The main reason the Twins have been so bad this season has been their execrable starting pitching. So they recently essentially turned over the rotation, sending Francisco Liriano to the bullpen, released Jason Marquis, and placing Nick Blackburn on the DL. And for the most part those who replaced that trio have been pretty good. P.J. Walters, who entered the rotation four weeks ago, had been very good, posting Quality Starts in all four of his starts. Walters has had some major-league experience prior to landing with the Twins, mostly with the Cardinals. But you understand after watching him pitch tonight why he's bounced around recently. He's a control pitcher on his best nights, a nibbler on most nights, and tonight, he was singled to death. A tight strike zone didn't help, but the Indians didn't either, as they like usual worked the count and methodically got themselves back into the game after falling behind 4-0.

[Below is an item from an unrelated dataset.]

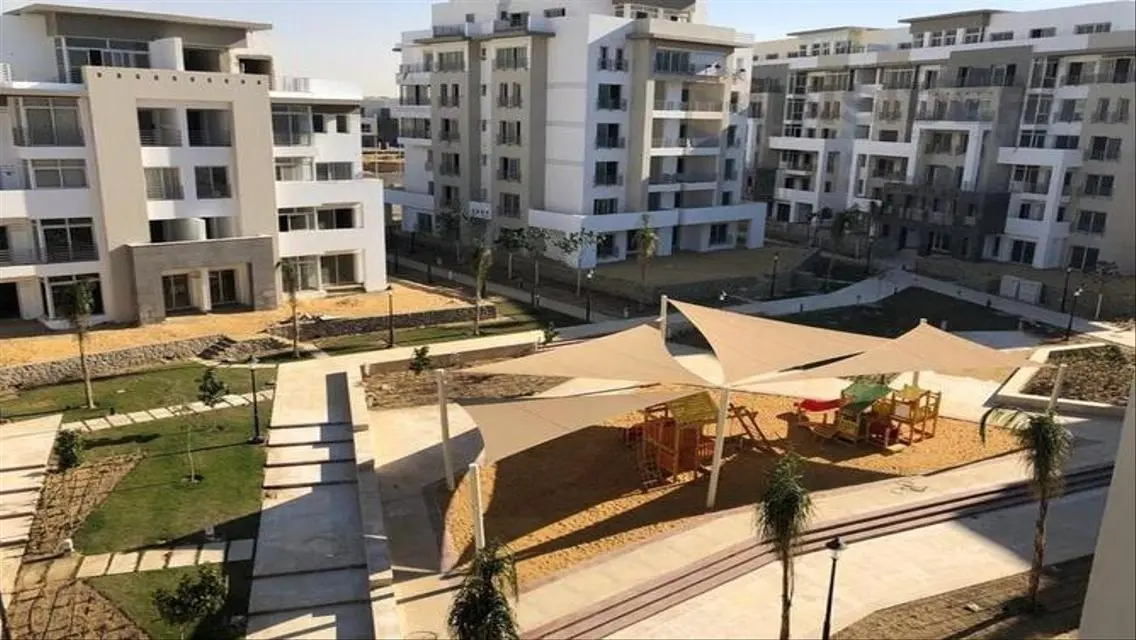 Luxury Apartment Overlooking Lakes for Sale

Josh Tomlin was the cause of that early deficit. Tomlin, like Walters, succeeds only when he's living at the corners of the strike zone, and tonight he wasn't that good. Had he been facing a better lineup, he probably would not have survived to finish six innings, but after allowing five hits and walk in the first, he settled down and got the Indians through six. However, he allowed a key run in his final inning, a home run to Trevor Plouffe that gave the Twins the lead after the Indians had tied the game just a half-inning earlier.
That run probably changed Manny Acta's bullpen strategy, as instead of sending Joe Smith or Nick Hagadone to pitch the seventh, he tried to get by with using Tony Sipp instead. Sipp would be facing two left-handed hitters to start the inning, but Revere smacked the ball past the drawn-in Lonnie Chisenhall for an infield single, and Joe Mauer turned on an inside fastball to push the lead to 7-4. Sipp has an option left, and now with two left-handers in the bullpen, it might be time to use it.
That was enough, for Ron Gardenhire had left-handed relievers at the ready, and the Tribe's left-handed lineup couldn't touch them. Southpaw Brian Duensing relieved Walters in the fifth, and pitched two perfect innings, and Glenn Perkins, who has taken to a relief role, blew away the Indians in the eighth. A possible Tribe rally in the ninth was short-circuited after Revere made a tremendous play to take a Lonnie Chisenhall double to lead off the inning.